In 1972, Hi Records released her third album, “Straight From The Heart”, which is a collection of excellent Soul songs, including “”99 Pounds” and other songs written by Peebles and Bryant and Peebles and Denise LaSalle. The final track on the album is “I Take What I Want”, co-written by Teenie Hodges from the Hi Rhythm Section with David Porter and Isaac Hayes. The quality of the songwriting matches the understated arrangements and the smooth sound of the studio band. It is a good example of what Willie Mitchell’s studio could achieve.

Her two best-known songs are “I Can’t Stand the Rain”, which she wrote with Don Bryant, and “I’m Gonna Tear Your Playhouse Down”, both from 1973. The first of these was her biggest hit, reaching number six on the Billboard R&B Singles Chart and number thirty-eight on the Billboard Hot 100 Singles Chart. It has become a standard of Memphis Soul, covered by Tina Turner on her “Private Dancer” album in 1984 and released as a single in 1985. Both of these single hits are included on the 1974 album “I Can’t Stand The Rain”.

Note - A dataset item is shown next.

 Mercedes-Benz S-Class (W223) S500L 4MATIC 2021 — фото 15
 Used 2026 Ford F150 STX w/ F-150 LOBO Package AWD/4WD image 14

Ann Peebles made seven albums (four entered the R&B Albums chart top fifty) and around twenty singles for Hi Records, before taking time out from the industry when Hi Records closed in 1979.
She returned to the studio in 1989 to record an album called “Call Me” with Willie Mitchell, who released it on his own label Waylo Records. She continued working up to 2012, when a stroke forced her to retire. In 2014, Ann Peebles was inducted into the Memphis Music Hall of Fame.